Exercise material START
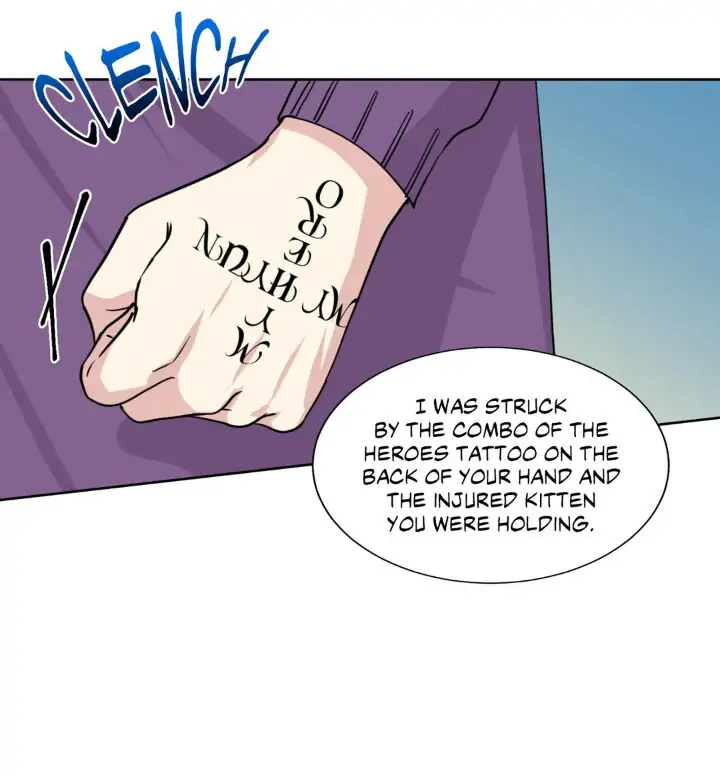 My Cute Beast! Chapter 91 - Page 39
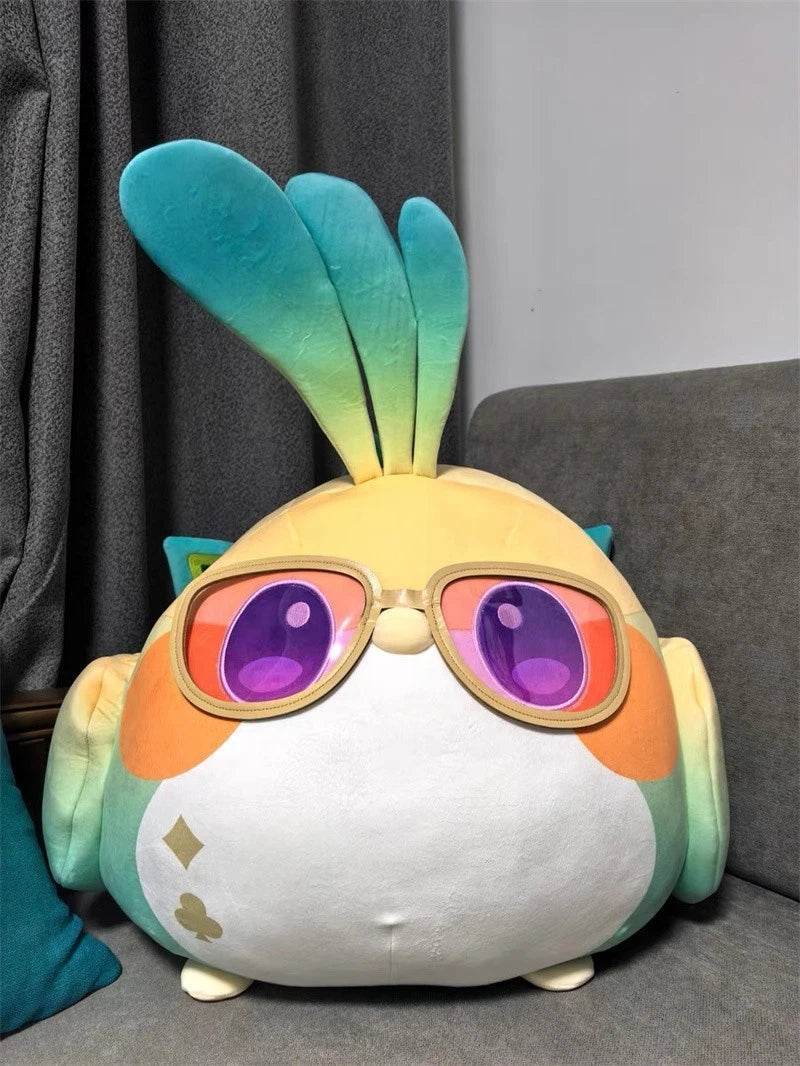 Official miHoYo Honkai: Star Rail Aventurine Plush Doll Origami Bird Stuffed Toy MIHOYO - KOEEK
Exercise material END
Exercise material START
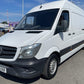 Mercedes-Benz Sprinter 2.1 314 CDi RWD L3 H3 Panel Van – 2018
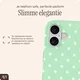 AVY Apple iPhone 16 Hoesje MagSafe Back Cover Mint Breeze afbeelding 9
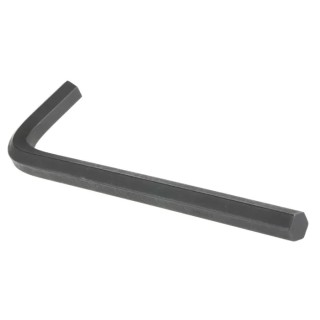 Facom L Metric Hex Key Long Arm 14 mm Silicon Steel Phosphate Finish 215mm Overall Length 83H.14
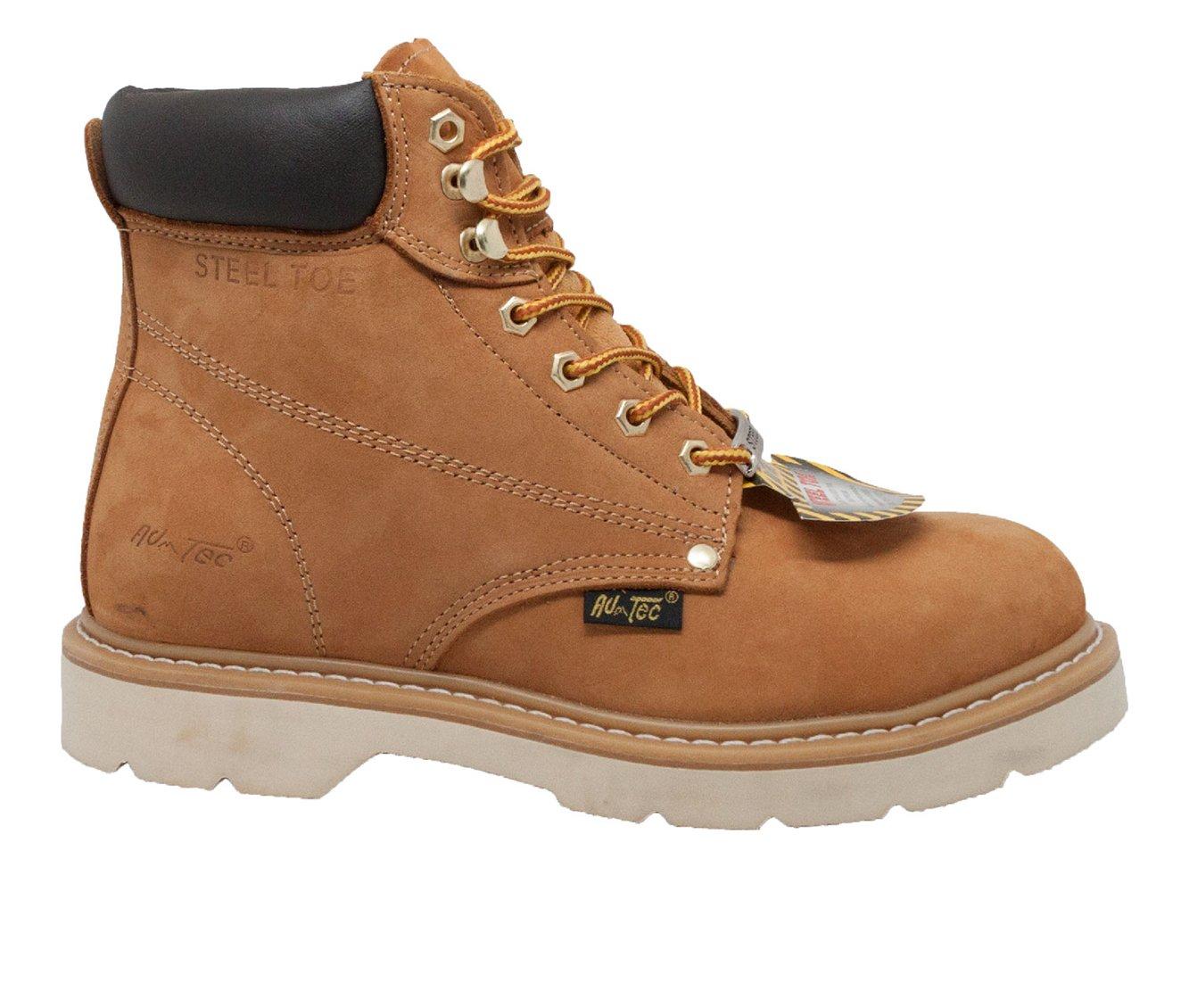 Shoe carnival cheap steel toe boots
Exercise material END
**Try it:**
From the records above, return exactly the lines running from the one that contains "My Cute Beast! Chapter 91 - Page 39" down to the one that contains "Official miHoYo Honkai: Star", both included, without any pictures.

**Output for this exercise:**
 My Cute Beast! Chapter 91 - Page 39
 Official miHoYo Honkai: Star Rail Aventurine Plush Doll Origami Bird Stuffed Toy MIHOYO - KOEEK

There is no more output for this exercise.